El mundo de La la land nace del cine y de la música, del swing de las Big Bands, del bebop de Charlie Parker, del entorno marroquí de Casablanca que recuerda el rostro de Ingrid Bergman en la habitación de Mia, o de las anécdotas de Louis Armstrong que Sebastian atesora como modo de inspiración. Luego del mal paso en la autopista, Mia y Sebastian volverán a encontrarse. Mia se sentirá cautivada por la pasión que Sebastian transmite en una melodía que le vale el despido, más tarde visitarán el parque Griffith teñido de un intenso azul lunar, y luego recrearán Dancing in the Dark, de la inolvidable Brindis al amor, como si naciera de nuevo para ellos. Y, claro, se enamorarán mientras recorren los estudios de la Warner, como si Humphrey Bogart o Bette Davis todavía estuvieran ahí, escondidos para bendecirlos. Pese a la recuperación de aquel territorio de ensueño, clave para el musical, Chazelle nunca se refugia en la nostalgia de un mundo perdido, abandonado, pasado de moda. El jazz no se termina en los 60 con el nacimiento del rock ni el musical en los 80 con la aparición del videoclip: es su espíritu el que sigue vivo, es esa pasión que Mia y Sebastian recuperan cuando se encuentran, la misma que alimentan en cada canción, la que despliegan en ambiciones anacrónicas e incorrectas, agridulces a veces, luminosas otras. 

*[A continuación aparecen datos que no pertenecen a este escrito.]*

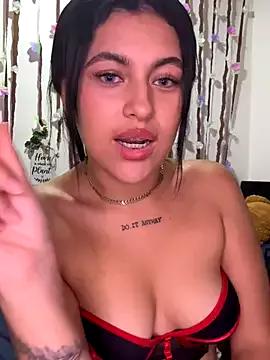Try 23 years old DaffneMiller from StripChat DaffneMiller from StripChat
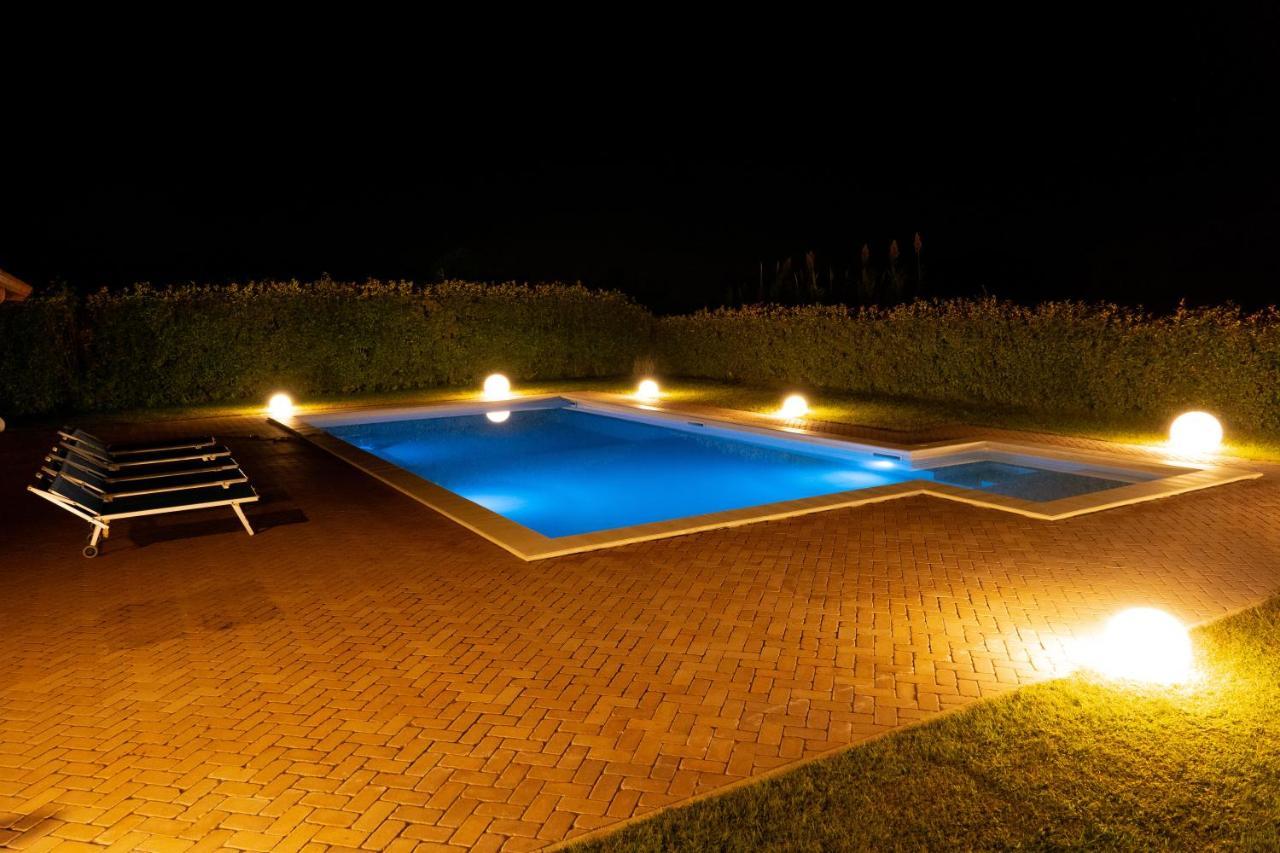 Agriturismo Casa Chiara Latina Exteriér fotografie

Vincente Minnelli intentó en todas sus películas, no solo en sus musicales, conciliar la realidad con los sueños personales, esos que persiguen sus personajes con genuina vocación y autenticidad. Aquellos sueños no siempre eran épicos, muchas veces ni siquiera eran simpáticos. A veces eran sueños de poder desmedidos, locuras absurdas, empresas inabarcables. Pero ese sueño que los embriagaba como una llama inextinguible, invadía el espacio de sus películas hasta apropiárselo definitivamente, con sus colores rabiosos y encendidos, como una tela de araña que los seducía y envolvía. Chazelle regresa inesperadamente a ese corazón olvidado, aquel que alimentaba esas pasiones cegadoras, que convertía la tensión entre sueños y realidades en procesos de autoconocimiento y aprendizaje. Mia y Sebastian solo pueden entender la realidad cuando conocen la verdadera dimensión de sus sueños, lo que implica esa libertad combinada con las frustraciones de la vida y los reveses de la existencia cotidiana. Chazelle recupera el salto al vacío del musical final de Cantando bajo la lluvia, o las exploraciones de estilo de Un americano en París, o la radical audacia de Los paraguas de Cherburgo, para decirnos que es desde allí de donde se puede conjurar un nuevo inicio, un nuevo nacimiento. 

Mia y Sebastian no son Fred Astaire y Ginger Rogers. No podrían serlo porque Hollywood ya no es el mismo que hace cincuenta años, ni el mundo sigue hoy aquella lógica. La obcecada defensa de una pureza imaginaria para el jazz, anclada en sus mitos y leyendas, puede ser un estandarte para Sebastian pero también la más clara expresión de sus límites. Chazelle nunca lo conduce al renunciamiento sino que lo anima a sortear sus miedos con astucia y dignidad. La la land probablemente no sea un renacer para el musical, ni un nuevo punto de partida. Como no lo fue la Moulin Rouge de Baz Luhrmann ni la archipremiada Chicago. Tal vez el musical sí sea un género muerto en el cine, que de vez en cuando ofrece algún que otro soplo de vida. Pero hay algo en esa vocación de reunirlo todo que manifiesta Chazelle, de agrupar los clises y los hitos, el baile como esencia de la energía romántica, el desafío a las restricciones de método y estilo en la interpretación, la integración de las canciones a la narrativa, que lo hace honesto y prometedor. La la land se nutre de recuerdos y lugares comunes para mostrar su revés, las impurezas negadas que pueden ser, no por inciertas, menos seductoras. Al desnudar el musical y desmitificarlo, reencanta su propia historia, haciendo del cine la única verdad de su leyenda.